25.9.1980 tarihinde kabul olunup 29 Eylül 1980 gün ve 17120 sayılı Resmi Gazete'de yayınlanarak yürürlüğe giren 2305 sayılı Yasaya, 3 Ocak 1986 gün 18997 sayılı Resmi Gazete'de yayınlanarak yürürlüğe konulan 3250 sayılı Yasayla eklenen:
EK MADDE - 3 - Bu Kanunun 1. maddesinde sayılan silah, mermi, patlayıcı madde, diğer ület ve benzerlerini 21 Ocak 1982 günü İle bu Kanunun yürürlüğe girdiği tarihten itibaren 6. günün mesai bitimi arasında resmi makamlara kendiliğinden çağrı veya uyarı üzerine; teslim edenler, yerlerini bildirenler ile güvenlik kuvvetleri veya diğer yetkililerce bulunabilecek yerlere bırakmak suretiyle terk edenler hakkında takibat yapılmaz, hükmolunmuş cezalar yerine getirilmez ve Kanuni sonuçları ortadan kalkar. Şu kadarki tahsil edilmiş para cezaları iade edilmez. Mahkumiyet hükümlerine alt sicil yarakaları adli sicilden çıkarılır. Aynı mahiyettekl cezalara ait fişlerden sicil tesis edilmemiş olanlar için sicil varakası tesis edilmez.
Ancak; 1402 sayılı Sıkıyönetim Kanununun 13 ve 15. maddeleri kapsamına giren suçları İşleyenler ile her türlü silah, patlayıcı madde, diğer ület ve benzerlerini kullanarak taksirli suçlar hariç olmak üzere suç işleyenler ve her türlü silah, mermi, patlayıcı madde, diğer alet ve benzerlerinin kaçakçılığını yapanlar birinci fıkra hükmünden yararlanamazlar.
Bu madde hükümleri, bu maddede belirtilen süre dışında 6136 sayılı Kanuna veya Türk Ceza Kanununun 264. maddesine muhalefet edenler hakkında uygulanmaz. . ." hükmü konulmuştur.

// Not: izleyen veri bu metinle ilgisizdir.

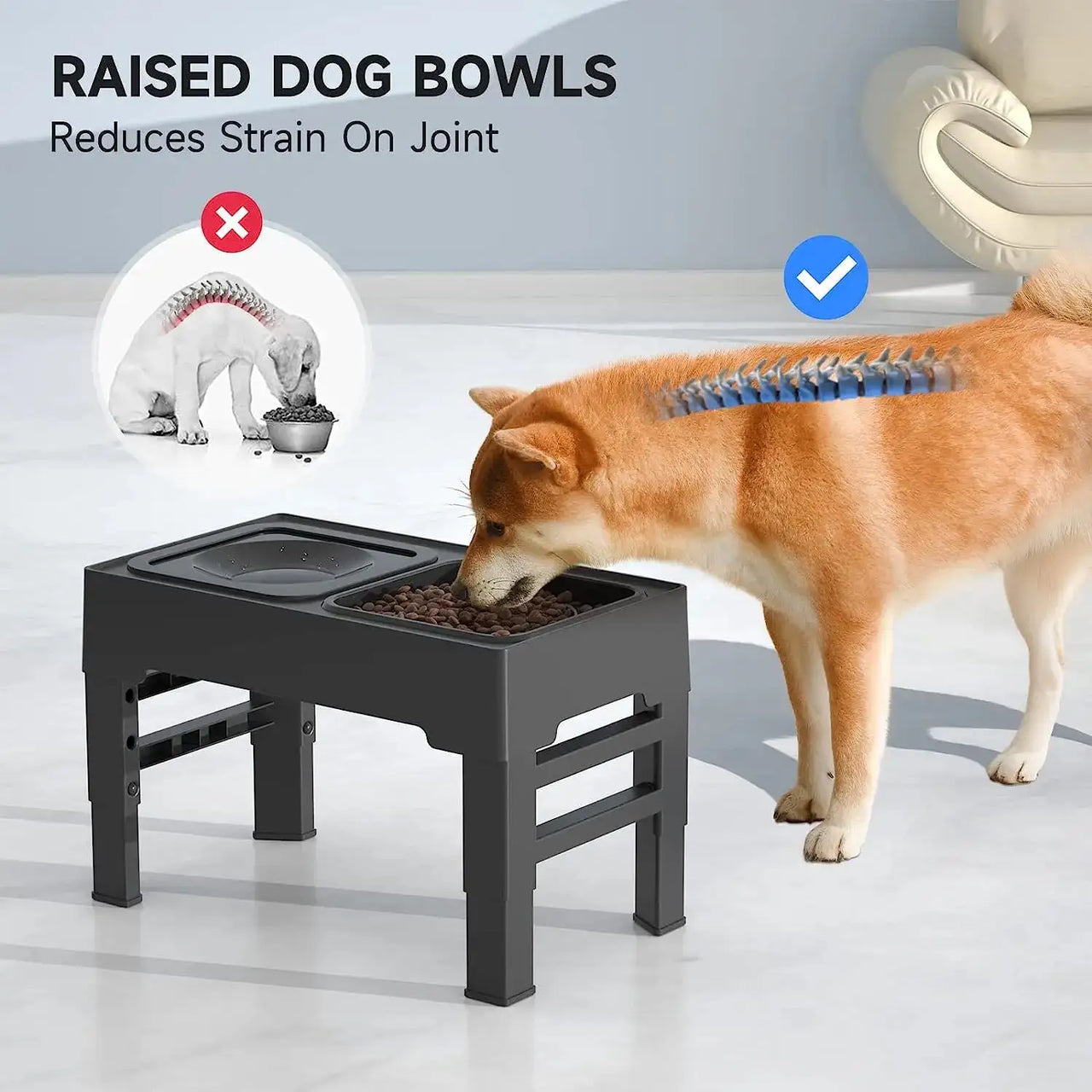 Pet Adjustable Food and Water Bowl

Maddede bahsolunun (suç işleyenler) sözcüğüyle (mahkum olanlar) kast olunmamıştır. Böyle bir anlam amaçlanmış olsaydı yasa koyucu pekala (mahkum olanlar) sözcüklerini kullanabilirdi. Toplumu silahtan arındırmak ve ülkede sulh ve sükunu sağlamak amacıyla çıkarılan yasadan başka bir anlam çıkarmakta mümkün değildir.

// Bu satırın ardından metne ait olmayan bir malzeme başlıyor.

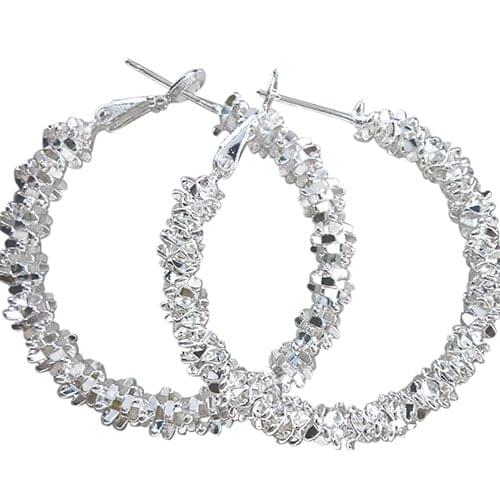 Bluelans Wholesale Women Jewelry Silver Plated Stars Hoop Earring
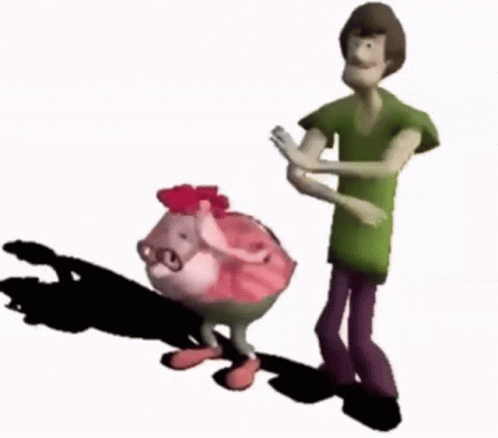 Shaggy And Cartoon Character Standing Together GIF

Bu nedenle taksirli suçlar hariç olmak üzere silahla suç işleyenler bu yasadan yararlanamayacaktır.
Sanık; üzerine atılı tehdit suçunu silahla işlediğine ve bu suç taksirli suçlardan bulunmadığına göre 3250 sayılı Yasadan yararlanamayacaktır. Bu itibarla itirazın reddine karar verilmelidir.

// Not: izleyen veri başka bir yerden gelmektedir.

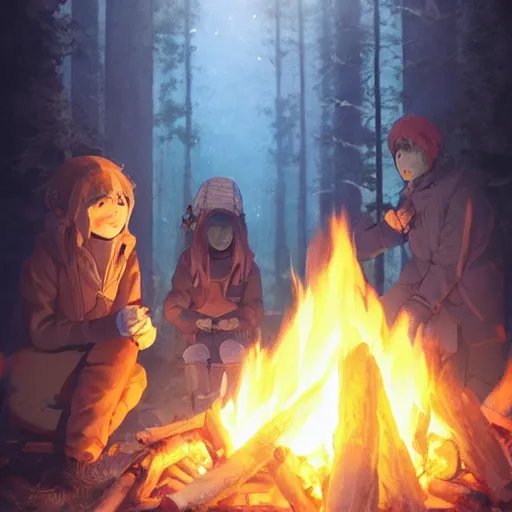 Image similar to yuru camp anime campfire hyperdetailed blue eyes, trending on artstation, cinematic lighting, highly realistically detailed, trending on pixiv , Unreal Engine 4k, detailed faces, manga cover, official anime key visual by greg rutkowski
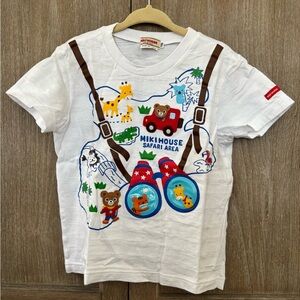Mikihouse White Safari Graphic Short Sleeve Tee for Kids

Çoğunluk görüşüne katılmayan 1. Başkanvekili ile Daire Başkanı ve Üyeler:
Yargılama, uyuşmazlık hakkında bir karar verme faaliyetidir. Ceza Yargılaması ise somut olayda suçluluğu belirleme (ispat) ve belirlenen duruma uyan ceza normuyla yaptırım tayin etmektir.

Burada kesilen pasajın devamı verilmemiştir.